Tuesday, May 22, 2012

Families: The Challenge To Do It Right

Happy families are all alike; every unhappy family is unhappy in its own way.This is how Leo Tolstoy began his major novel, Anna Karenina. It's easy to find people bewailing the state of the modern family. We look around and everywhere we look, we see unhappy families with their own disaster areas. Some of them look OK on the surface but have rot underneath; some flaunt their messy drama in public.
But this is nothing new. Some years ago I was putting together a Father's Day lesson for an adult class. As I looked for Biblical examples of fathers, I was surprised to realize that practically every family we see described in the Old Testament was flawed, some massively so. Even giants of the faith had messy families. God asks a whole lot of us!
He gives us an assignment that is basically impossible for us in our own strength. Even Abraham and Sarah made a lapse in faith of which the fallout is still with us, when they tried to "help" fulfill the prophecy of an heir. David, the "man after God's own heart" had sons who were literally mortal enemies, one of which rebelled agains his father. Solomon, the wisest man in the world, turned his back on the true God and produced a son who was world-class historically stupid, and lost the larger part of his father's kingdom.

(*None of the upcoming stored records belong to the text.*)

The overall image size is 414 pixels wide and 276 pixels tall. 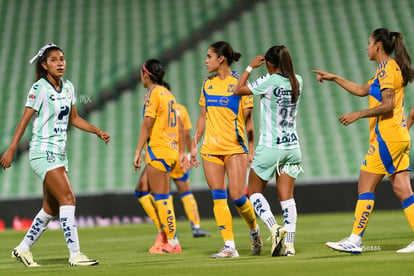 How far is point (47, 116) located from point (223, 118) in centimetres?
181

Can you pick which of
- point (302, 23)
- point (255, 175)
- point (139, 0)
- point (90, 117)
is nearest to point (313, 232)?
point (255, 175)

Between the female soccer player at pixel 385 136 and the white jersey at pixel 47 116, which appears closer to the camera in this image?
the female soccer player at pixel 385 136

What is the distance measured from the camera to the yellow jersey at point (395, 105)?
772cm

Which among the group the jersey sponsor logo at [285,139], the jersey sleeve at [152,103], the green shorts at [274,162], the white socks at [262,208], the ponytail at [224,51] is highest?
the ponytail at [224,51]

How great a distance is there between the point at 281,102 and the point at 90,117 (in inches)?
535

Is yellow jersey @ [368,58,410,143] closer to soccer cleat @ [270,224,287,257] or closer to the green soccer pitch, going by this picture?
the green soccer pitch

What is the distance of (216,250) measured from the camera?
9.59 meters

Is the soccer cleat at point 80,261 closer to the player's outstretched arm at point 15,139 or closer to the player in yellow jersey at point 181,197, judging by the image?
the player's outstretched arm at point 15,139

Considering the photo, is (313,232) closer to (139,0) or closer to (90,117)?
(90,117)

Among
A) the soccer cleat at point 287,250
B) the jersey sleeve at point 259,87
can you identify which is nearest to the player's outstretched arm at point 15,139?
the jersey sleeve at point 259,87

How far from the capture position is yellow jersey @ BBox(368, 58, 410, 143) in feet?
25.3

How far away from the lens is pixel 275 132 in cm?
820

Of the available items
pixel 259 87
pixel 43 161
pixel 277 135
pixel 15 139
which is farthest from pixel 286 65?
pixel 15 139

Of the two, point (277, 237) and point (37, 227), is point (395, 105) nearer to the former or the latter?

Poet Robert Frost defined "home" as "the place where, when you have to go there, they have to take you in." The question is: when they open the door, are they smiling? And is it a genuine smile? I grew up with relatives showing up at the front door, often without warning, assuming they would be welcome--and they were. Family vacations were usually built around driving distances between relatives. I'm not quite sure how best to define "happy family", but I think it's one of those things that you recognize when you see it. My own family was not perfect, but good enough that my brothers and I stayed out of major trouble and in touch, and in turn raised kids who are friends as well as cousins. At a major family reunion several years ago, some of the more distant cousins found it odd that my grandfather's descendants were almost all still active in churches. I suspect that that is a key reason that we are happy as families and an extended family. One incredible blessing I am looking forward to this summer is a trip to Finland with my son and the Lambert family (who are cousins of mine), to touch base with the original homes of my mom's parents and Mark's grandparents, who came from the same part of Finland. I am looking forward to this experience with folks with whom I not only share an ancestral culture and family, but a family heritage of faith.